Your guess is correct; given $X\subseteq \mathbb{R}^m$ and a function $f:X\to \mathbb{R}^n$, then $f$ is differentiable at $a\in\mathbb{R}^n$ when there is a linear transformation $L:\mathbb{R}^n\to\mathbb{R}^m$ such that $$\lim_{h\to 0}\frac{|f(a+h)-f(a)-L(h)|}{|h|}=0,$$ and when it exists, this $L$ is called $Df(a)$, the derivative of $f$ at $a$, and it is unique. If $m=1$ (i.e. the codomain of $f$ is $\mathbb{R}$), then the directional derivative of $f$ at $a\in\mathbb{R}^n$ in the direction of $x\in\mathbb{R}^n$ is $$\lim_{t\to 0}\frac{f(a+xt)-f(a)}{t}.$$ The differentiability of $f$ at $a$ implies the existence of all directional derivatives at $a$, but not conversely.

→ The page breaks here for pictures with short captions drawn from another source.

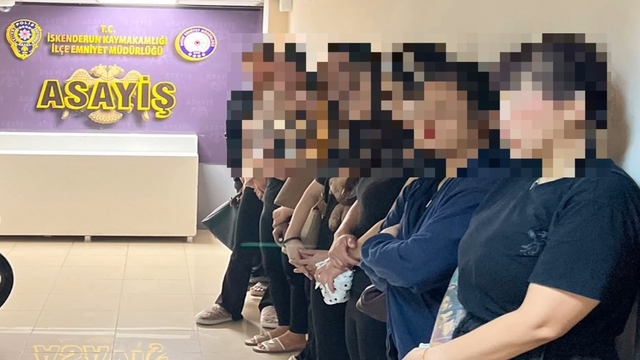 Hatay'da SPA ve masaj salonlarında kaçak çalıştırılan 9 kadın hakkında işlem yapıldı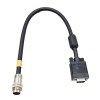 C2G RapidRun VGA Flying Lead Multi-Format Audio/Video Cable 1.5ft VGA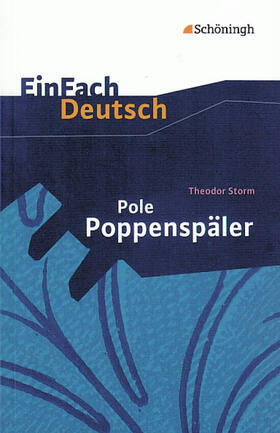 Diekhans / Lefebvre / Storm |  Pole Poppenspäler. EinFach Deutsch Textausgaben | Buch |  Sack Fachmedien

However, if one assumes that there is an open set $U\subseteq \mathbb{R}^n$ containing $a$ such that all directional derivatives of $f$ exist everywhere in $U$, and the directional derivatives are continuous at $a$, then we are guaranteed that $Df(a)$ exists (this is Theorem 2-8 in Spivak's Calculus on Manifolds).

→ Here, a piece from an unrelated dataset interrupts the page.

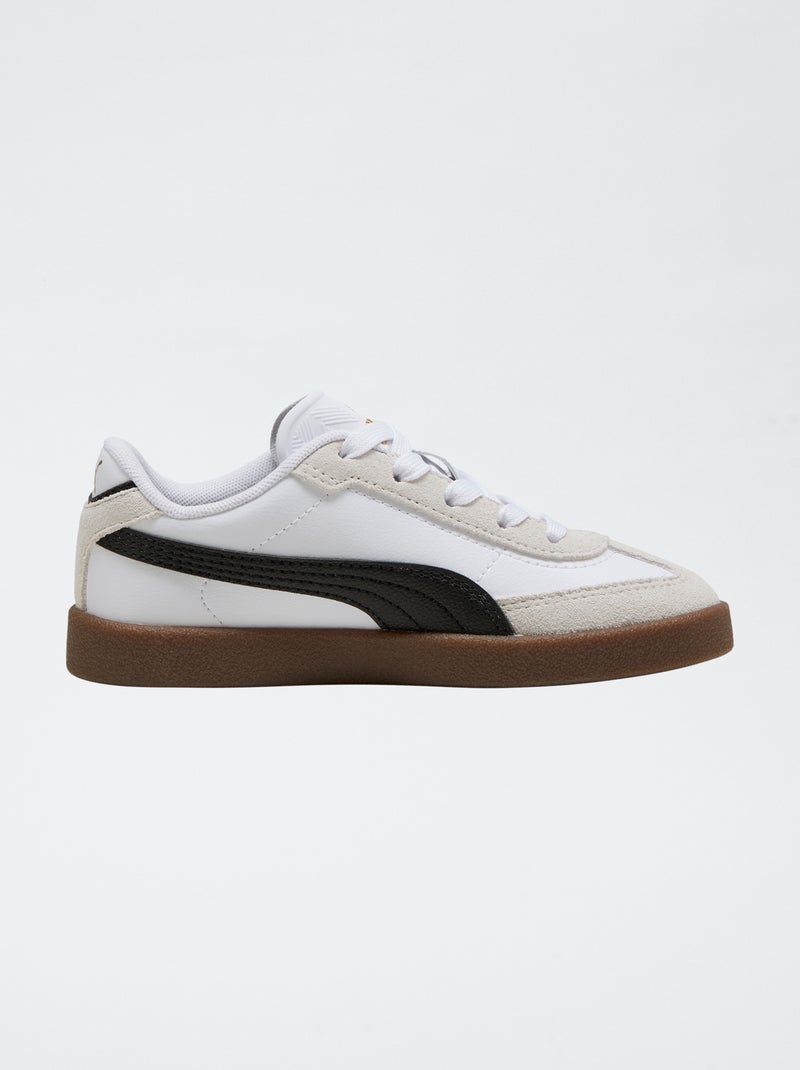 Sapatilhas 'PUMA' com velcro Branco - Kiabi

Thus, if we want a counterexample, we should look for functions whose directional derivatives are either not defined, or not continuous, at or around the point $a$. The classic example is the characteristic function of $$A=\{(x,y)\in\mathbb{R}^2\mid x>0,\;\;0<y<x^2\},$$ i.e. the function $f$ that is defined by $f(x)=1$ if $x\in A$ and $f(x)=0$ if $x\notin A$. Intuitively, one can see that all directional derivatives of $f$ exist at the origin $(0,0)$, because in any straight direction from the origin, there is some initial distance one can travel in which one is not in $A$, so all the directional derivatives of $f$ exist at $(0,0)$ and are equal to $0$. However, the limit defining the derivative $Df(0,0)$ "can see all paths" to the origin, including those that remain contained inside $A$ all the way there. Even though all the directional derivatives of $f$ exist and are continuous at $(0,0)$, the directional derivatives of $f$ do not exist at any other points along the boundary of $A$, and any neighborhood of the origin must contain some of those boundary points.
Note that, even if it were true that the existence of all partial derivatives at a point guaranteed the existence of the derivative at that point, the set of points where all the partial derivatives of $f$ exists is $A\cup \text{int}(A^c)\cup\{(0,0)\}$, and $(0,0)$ is not an interior point of that set.